Venezuelan shipments to American refiners are down 35 percent since late August, tanker data compiled by Bloomberg show. The slump began after the U.S. imposed sanctions to punish President Nicolas Maduro for moves deemed anti-democratic. PDVSA is the government’s biggest source of export income. The sales decline is compounding a lack of revenue from exports to China, India and Russia, which are receiving crude as payment for earlier loans.
Finances are so tight that a PDVSA refinery on Curacao can’t afford to buy enough oil to process. The tanker Tulip, loaded with U.S. crude, has been drifting offshore since May awaiting payment. At the end of last year, PDVSA owed $42 billion.
More than $1.2 billion of the company’s debt is coming due in the next few days, and investors are showing less confidence that funds will be transferred. On Thursday, PDVSA’s dollar bonds fell more than 4 cents with yields on notes due 2020 jumping more than 2 percentage points to 17.3 percent. Venezuela is already two weeks late on coupons for a slew of other bonds.
Like Venezuela, Ecuador is dependent upon oil revenue. When the country defaulted in 2008, it was forced to offer bigger discounts, which resulted in a plunge in oil revenue, according to a report by Francisco Rodriguez, the chief economist at New York-based investment bank Torino Capital. Rodriguez couldn’t be reached for comment on Thursday.
After years of mismanagement, Venezuela is close to running out of money after oil prices plunged from more than $100 a barrel in 2014 to $50 today. After arresting opposition leaders, Maduro has moved to rewrite the constitution and strip power from congress. U.S. President Donald Trump imposed sanctions targeting Maduro and PDVSA.
That’s making it difficult for U.S. refiners, especially those that need a letter of credit from a domestic bank to guarantee payments to the Venezuelan company. Few American lenders want to be in a position of potentially running afoul of their government’s sanctions. The U.S. imported $9.31 billion of crude oil from Venezuela last year, Census data show.
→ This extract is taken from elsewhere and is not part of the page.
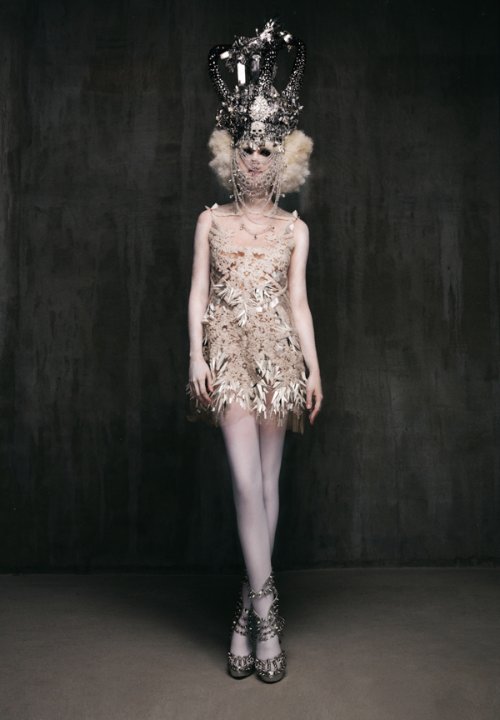 Requiem for a Queen_06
Refiners including Valero Energy Corp., Chevron Corp. and PBF Energy Inc. imported 741,000 barrels a day from Venezuela, the Energy Information Administration estimates.
But as those sales drop, Venezuela is sending more to repay loans from other countries. Daily shipments to China doubled since August to 451,613 barrels, while cargoes to Russia’s state-owned oil company Rosneft PJSC more than tripled, according to U.S. Customs data and a shipping report compiled by Bloomberg.
Over the past decade, China and Rosneft loaned at least $70 billion to Venezuela for oil production and infrastructure projects.
“When the U.S. is turning the back on you, it’s useful to be in good terms with your two biggest lenders,” Russ Dallen, a managing partner at Caracas Capital Markets, a Venezuela-based investment bank. “That might even help PDVSA to get old loans to be rolled over.”
But the oil slump is continuing to put a strain on the company and the government. Production in June fell to the lowest in 14 years. Domestic refineries have cut back on processing because of multiple breakdowns and the reduced oil supply.
The U.S. probably will ratchet up sanctions over the next 12 months if Maduro refuses to change his behavior, which means PDVSA will become more dependent on Russia and China for new loans, according to Risa Grais-Targow, an analyst at Eurasia Group. Default is “likely” next year, she said in a report. PDVSA owes an estimated $3 billion in 2018.
“China will likely shy away from meaningful new financing, while additional deals with Russia face limitations on both sides,” Grais-Targow said. “Still, there is some room for additional deals with Russia that could help the government to scrape by next year as well.”